Normality expresses a concentration of a solution. It is abbreviated by the letter N. Normality is defined as the gram equivalent weight per liter of solution.

## Understanding Equivalent Weight

In order to solve a normality calculation, equivalent weight must be understood. Think of equivalent weight as the reactive capacity of a chemical species, like electrons or ions. The letters **Eq** or **eq** commonly abbreviate equivalent weight.

The valence state of an element or compound or the number of hydrogen ions a molecule transfers describes the number of electrons or protons transferred in reactions. For example, the Al^{+3} ion has a valence of 3, and n (the number of equivalents) also equals 3.

## Understanding Equivalent Weight in Acid-Base Chemistry

The amount of hydrogen ions transferred in acid-base reactions will give the equivalent weight of that acid. For example, sulfuric acid, H_{2}SO_{4}, with two H^{+} ions has an n (number of equivalents) of 2, while hydrochloric acid, HCl, with one H^{+} ion has an equivalent weight of 1.

An acid supplies ions, and the base reacts with those ions. Equivalent weight is applied not only to hydrogen ions of the acid, but to the ions that form a base, too. For example, NaOH dissociates into Na^{+} and OH^{-}, where the OH^{-} has an equivalent weight of 1.
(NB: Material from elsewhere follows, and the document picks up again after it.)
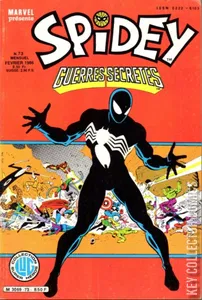 Marvel Super Heroes Secret Wars #8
## Calculating Gram Equivalent Weight

Once it is understood how a chemical species, like ions or electrons, reacts in a chemical reaction, the gram equivalent weight may be calculated. Gram equivalent weight is simply equivalent weight expressed in units of mass. Gram equivalent weight is numerically equal to the calculated equivalent weight.

To find gram equivalent weight, use the formula **Eq = MW / n**

- Eq = Equivalent weight
- MW = Atomic or molecular weight in grams/mole, from periodic table
- n = number of equivalents

A couple examples are below:

*Example 1: H _{2}SO_{4}*

For every mole of sulfuric acid, there are two H^{+} ions, n = 2. Look at a periodic table and find the sum of the atomic masses of the S, O and H in your formula:

S = 32.07; O = 16.00; H = 1.01. Sum the molecular weight of H_{2}SO_{4}: 32.07 + 4(16.00) + 2(1.01) = 98.08 g/mol

Eq = 98.08 / 2 = 49.04 g/eq.

The gram equivalent weight of H_{2}SO_{4} is 49.04 g/eq. Only half as much sulfuric acid than, for example, HCl, is needed to react something with an acid.

*Example 2: NaOH*

There is only 1 OH^{-}, so the number of equivalents is 1. Look at a periodic table and find the sum of the atomic masses of the Na, O and H in your formula:

Na = 22.99; O = 16.00; H = 1.01. To sum, 22.99 + 16.00 + 1.01 = 40.00 g/mole

Eq = 40.00 / 1 = 40.00 g/eq

The gram equivalent weight of NaOH is 40.00 g/eq.

## Normality Equation

Once gram equivalent weight is understood, it is easier to understand the equation for normality:

**Normality (N)** = **m /V** **× 1** **/ Eq**

- m = mass of solute in grams
- V = total volume of solution in Liters
- Eq = equivalent weight

## Normality Calculation of NaOH

Example: How is a 1N solution of NaOH prepared?

**Normality (N)** = **m /V** **× 1** **/ Eq**

- N = 1
- m = unknown
- V = 1 liter
- Eq = 40.00g/eq (go back to the gram equivalent weight section if help is needed in remembering why this is so)

**1 N** = **m /1L*× 1* / 40.00 g/eq**

Using algebra and remembering that N is in eq/L:

**m** = **1 eq/L** **× 1 L × 40.00 g/eq** **;** therefore **m** = **40 g**

To make a 1N solution of NaOH, 40 grams of NaOH are dissolved in 1 L.

Likewise, for a 0.1 N solution of NaOH, divide by a factor of 10 and 4 grams of NaOH per liter is needed.